US President Donald Trump has said that he would be open to a meeting with Kim Jong-un, the North Korean dictator who’s been ignoring warnings of punitive measures from the US and China (much to Trump’s chagrin), but only “under the right circumstances.” The purpose of such a meeting would be to cool off the tensions currently boiling between their two nations with regards to the incendiary issue (pun absolutely intended) of Kim’s nuclear weapons program.

‘I would absolutely’ meet with Kim Jong-un, says Trump

Trump said he “would be honoured” to meet with Kim Jong-un, on the condition that “it would be appropriate for (him)” to do it.

He seemed enthusiastic about it, saying he “would absolutely” meet with Kim if the two countries could work that out, but made sure to make it clear that he would only do so “under the, again, under the right circumstances,” but then backtracked yet again by saying, “But I would do that.”

So, to sum up, Trump would like to meet with Kim but would only do so under the right set of circumstances but would definitely do it but again would only do it under the right set of circumstances but he would absolutely do it. The President was making these bold claims during an interview with Bloomberg News conducted yesterday.

No US President has ever met a North Korean leader whilst in office

It’s worth noting that no sitting President of the United States has ever met with a North Korean leader.

The very idea of it is absurdly controversial, but then so is Trump himself. But Trump isn’t just going over there willy-nilly right this second. Remember, he said he’d only meet with Kim “under the right circumstances.” So, what exactly do those “circumstances” entail?

According to White House Press Secretary Sean Spicer, the Trump administration is going to have to see some changes in the way Kim and his regime over in Pyongyang are handling things before he gets to meet POTUS.

Spicer said that North Korea’s “provocative behaviour” will need to be “ratcheted down immediately” if such a meeting is to take place. Spicer added that “clearly, the conditions are not there right now” for Trump to go over there to meet Kim or, worse yet, have Kim over for a steak dinner at the White House.

Trump is risking nuclear war by threatening military action

In an attempt to get Pyongyang to curb the advancement of its nuclear and ballistic missile programs, which was brought on by trigger-happy Trump’s Presidential win in the first place, Trump has been threatening military action.

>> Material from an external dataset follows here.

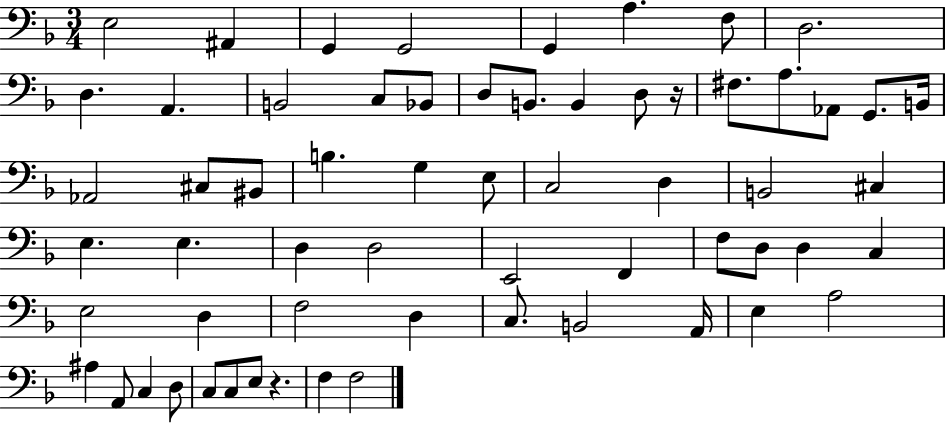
E3/h A#2/q G2/q G2/h G2/q A3/q. F3/e D3/h. D3/q. A2/q. B2/h C3/e Bb2/e D3/e B2/e. B2/q D3/e R/s F#3/e. A3/e. Ab2/e G2/e. B2/s Ab2/h C#3/e BIS2/e B3/q. G3/q E3/e C3/h D3/q B2/h C#3/q E3/q. E3/q. D3/q D3/h E2/h F2/q F3/e D3/e D3/q C3/q E3/h D3/q F3/h D3/q C3/e. B2/h A2/s E3/q A3/h A#3/q A2/e C3/q D3/e C3/e C3/e E3/e R/q. F3/q F3/h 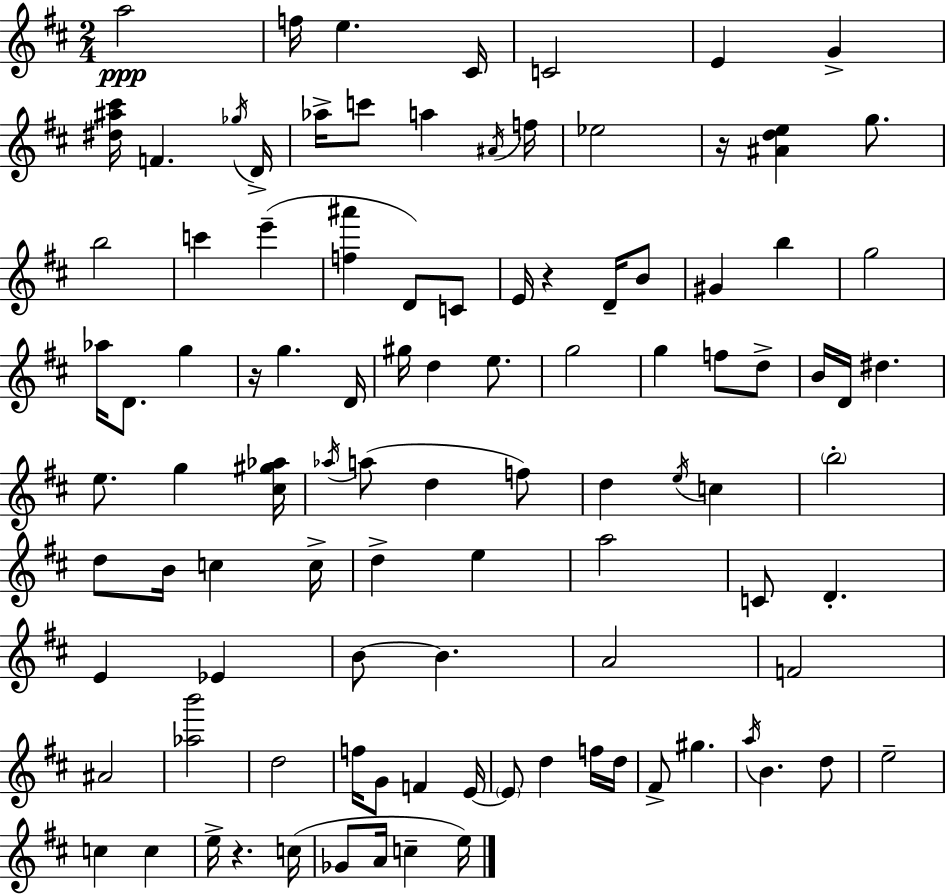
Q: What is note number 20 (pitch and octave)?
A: E6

He’s sent a Navy strike force to North Korean waters, which has only made Kim more eager to develop nuclear weapons and an intercontinental missile (so far, no luck, thankfully), and has threatened that if the strike force fires one single bullet, he will nuke America. Clearly, this is a delicate matter that Trump is only just finally taking seriously.

The strike force has deployed a brand-new anti-ballistic missile system to South Korea, the shrew, nicer cousin of the nuke-toting North.

Visiting Seoul during the weekend, Mike Pompeo, the Director of the CIA, will be taking meetings with the US Forces on the Korean peninsula and employees at the embassy – this announcement was made by Daniel Turnbull, a US Embassy spokesman. However, Pompeo will not be taking any meetings with South Korean Presidential candidates, despite the fact their elections are just next week. The candidates currently taking the lead have focused on what they’ll be doing about their relationship with Pyongyang and the threats posed by them during their campaigns – that plays well to terrified, paranoid South Korean voters. No meetings on the Korean peninsula for Trump as of yet, but we’ll see how that develops as long as he’s happy to “absolutely” meet with Kim Jong-un.

This isn’t the first time Trump has said he would meet with Kim Jong-un. He said during his Presidential campaign that he would meet with Kim and that there was “a 10% or 20% chance” that he would be able to “talk him out of those damn nukes, ‘cause who the hell wants him to have nukes?”